• [About this task]:
Exact copies of all the entries are required.

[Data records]
----
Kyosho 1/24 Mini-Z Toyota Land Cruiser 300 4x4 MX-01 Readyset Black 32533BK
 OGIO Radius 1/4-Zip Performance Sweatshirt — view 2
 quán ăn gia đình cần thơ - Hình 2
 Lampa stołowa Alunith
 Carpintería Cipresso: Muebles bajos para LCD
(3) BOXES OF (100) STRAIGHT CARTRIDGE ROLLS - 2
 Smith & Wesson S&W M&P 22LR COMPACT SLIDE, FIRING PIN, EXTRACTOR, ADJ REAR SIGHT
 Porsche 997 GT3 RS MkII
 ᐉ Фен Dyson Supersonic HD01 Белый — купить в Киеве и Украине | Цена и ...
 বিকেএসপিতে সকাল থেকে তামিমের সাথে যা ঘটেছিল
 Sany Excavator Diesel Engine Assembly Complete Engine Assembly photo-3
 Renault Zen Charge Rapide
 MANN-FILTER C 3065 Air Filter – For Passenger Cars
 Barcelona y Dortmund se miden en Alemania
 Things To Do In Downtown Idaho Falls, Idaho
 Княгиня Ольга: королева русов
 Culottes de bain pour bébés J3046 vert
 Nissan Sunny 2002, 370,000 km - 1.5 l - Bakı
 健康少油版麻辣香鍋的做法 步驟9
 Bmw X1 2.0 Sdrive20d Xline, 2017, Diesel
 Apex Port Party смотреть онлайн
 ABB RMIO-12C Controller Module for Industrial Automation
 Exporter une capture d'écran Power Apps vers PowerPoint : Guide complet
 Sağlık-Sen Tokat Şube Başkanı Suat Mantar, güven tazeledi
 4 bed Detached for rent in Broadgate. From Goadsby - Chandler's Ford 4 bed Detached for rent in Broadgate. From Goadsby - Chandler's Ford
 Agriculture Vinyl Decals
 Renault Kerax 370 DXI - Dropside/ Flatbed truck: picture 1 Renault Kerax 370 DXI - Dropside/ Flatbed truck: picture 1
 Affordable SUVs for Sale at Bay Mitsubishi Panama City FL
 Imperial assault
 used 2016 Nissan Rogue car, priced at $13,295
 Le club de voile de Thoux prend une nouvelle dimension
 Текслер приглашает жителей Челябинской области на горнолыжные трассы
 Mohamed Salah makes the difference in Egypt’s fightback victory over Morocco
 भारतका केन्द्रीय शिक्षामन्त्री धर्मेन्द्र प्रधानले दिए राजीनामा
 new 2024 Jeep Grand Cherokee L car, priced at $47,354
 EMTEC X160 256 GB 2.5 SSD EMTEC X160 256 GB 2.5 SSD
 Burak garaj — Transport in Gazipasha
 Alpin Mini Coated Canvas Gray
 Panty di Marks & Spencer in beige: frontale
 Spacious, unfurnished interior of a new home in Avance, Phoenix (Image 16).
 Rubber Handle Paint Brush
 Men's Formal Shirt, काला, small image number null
----
• [Output]:
Kyosho 1/24 Mini-Z Toyota Land Cruiser 300 4x4 MX-01 Readyset Black 32533BK
 OGIO Radius 1/4-Zip Performance Sweatshirt — view 2
 quán ăn gia đình cần thơ - Hình 2
 Lampa stołowa Alunith
 Carpintería Cipresso: Muebles bajos para LCD
(3) BOXES OF (100) STRAIGHT CARTRIDGE ROLLS - 2
 Smith & Wesson S&W M&P 22LR COMPACT SLIDE, FIRING PIN, EXTRACTOR, ADJ REAR SIGHT
 Porsche 997 GT3 RS MkII
 ᐉ Фен Dyson Supersonic HD01 Белый — купить в Киеве и Украине | Цена и ...
 বিকেএসপিতে সকাল থেকে তামিমের সাথে যা ঘটেছিল
 Sany Excavator Diesel Engine Assembly Complete Engine Assembly photo-3
 Renault Zen Charge Rapide
 MANN-FILTER C 3065 Air Filter – For Passenger Cars
 Barcelona y Dortmund se miden en Alemania
 Things To Do In Downtown Idaho Falls, Idaho
 Княгиня Ольга: королева русов
 Culottes de bain pour bébés J3046 vert
 Nissan Sunny 2002, 370,000 km - 1.5 l - Bakı
 健康少油版麻辣香鍋的做法 步驟9
 Bmw X1 2.0 Sdrive20d Xline, 2017, Diesel
 Apex Port Party смотреть онлайн
 ABB RMIO-12C Controller Module for Industrial Automation
 Exporter une capture d'écran Power Apps vers PowerPoint : Guide complet
 Sağlık-Sen Tokat Şube Başkanı Suat Mantar, güven tazeledi
 4 bed Detached for rent in Broadgate. From Goadsby - Chandler's Ford 4 bed Detached for rent in Broadgate. From Goadsby - Chandler's Ford
 Agriculture Vinyl Decals
 Renault Kerax 370 DXI - Dropside/ Flatbed truck: picture 1 Renault Kerax 370 DXI - Dropside/ Flatbed truck: picture 1
 Affordable SUVs for Sale at Bay Mitsubishi Panama City FL
 Imperial assault
 used 2016 Nissan Rogue car, priced at $13,295
 Le club de voile de Thoux prend une nouvelle dimension
 Текслер приглашает жителей Челябинской области на горнолыжные трассы
 Mohamed Salah makes the difference in Egypt’s fightback victory over Morocco
 भारतका केन्द्रीय शिक्षामन्त्री धर्मेन्द्र प्रधानले दिए राजीनामा
 new 2024 Jeep Grand Cherokee L car, priced at $47,354
 EMTEC X160 256 GB 2.5 SSD EMTEC X160 256 GB 2.5 SSD
 Burak garaj — Transport in Gazipasha
 Alpin Mini Coated Canvas Gray
 Panty di Marks & Spencer in beige: frontale
 Spacious, unfurnished interior of a new home in Avance, Phoenix (Image 16).
 Rubber Handle Paint Brush
 Men's Formal Shirt, काला, small image number null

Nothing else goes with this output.